Transcribe the listing that follows in full, omitting pictures.

The data →
----

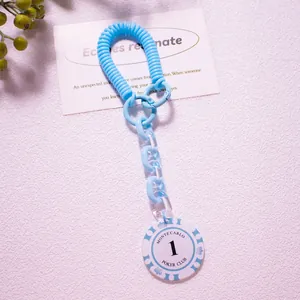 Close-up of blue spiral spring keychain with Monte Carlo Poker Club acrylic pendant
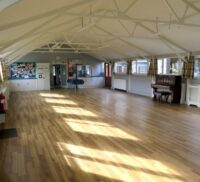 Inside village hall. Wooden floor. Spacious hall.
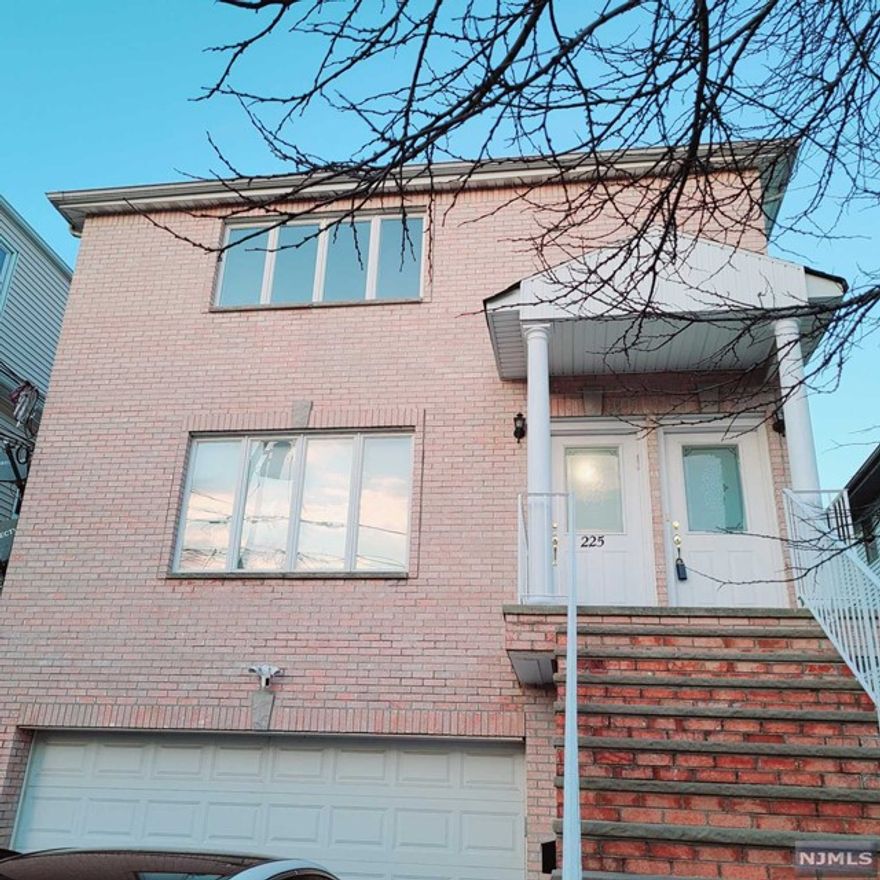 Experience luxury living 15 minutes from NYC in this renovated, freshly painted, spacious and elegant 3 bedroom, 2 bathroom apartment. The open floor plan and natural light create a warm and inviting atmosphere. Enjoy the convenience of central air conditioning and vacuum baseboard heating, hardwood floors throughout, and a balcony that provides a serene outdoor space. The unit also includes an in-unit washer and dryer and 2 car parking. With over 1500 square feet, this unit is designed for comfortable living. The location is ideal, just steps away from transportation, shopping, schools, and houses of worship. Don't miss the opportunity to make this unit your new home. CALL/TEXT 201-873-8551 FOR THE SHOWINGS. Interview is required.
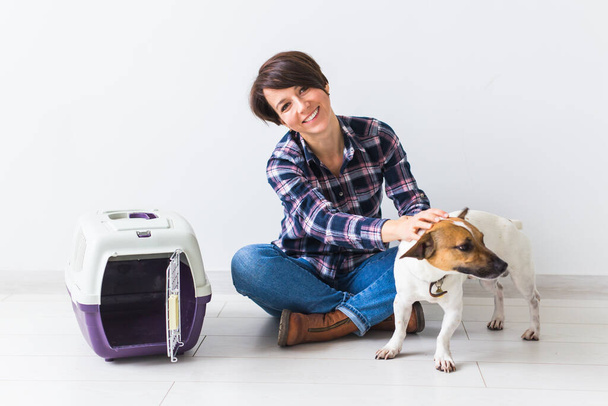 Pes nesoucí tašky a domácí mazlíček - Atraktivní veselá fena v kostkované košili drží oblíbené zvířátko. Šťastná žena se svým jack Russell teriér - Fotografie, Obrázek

----

Answer →
 Close-up of blue spiral spring keychain with Monte Carlo Poker Club acrylic pendant
 Inside village hall. Wooden floor. Spacious hall.
 Experience luxury living 15 minutes from NYC in this renovated, freshly painted, spacious and elegant 3 bedroom, 2 bathroom apartment. The open floor plan and natural light create a warm and inviting atmosphere. Enjoy the convenience of central air conditioning and vacuum baseboard heating, hardwood floors throughout, and a balcony that provides a serene outdoor space. The unit also includes an in-unit washer and dryer and 2 car parking. With over 1500 square feet, this unit is designed for comfortable living. The location is ideal, just steps away from transportation, shopping, schools, and houses of worship. Don't miss the opportunity to make this unit your new home. CALL/TEXT 201-873-8551 FOR THE SHOWINGS. Interview is required.
 Pes nesoucí tašky a domácí mazlíček - Atraktivní veselá fena v kostkované košili drží oblíbené zvířátko. Šťastná žena se svým jack Russell teriér - Fotografie, Obrázek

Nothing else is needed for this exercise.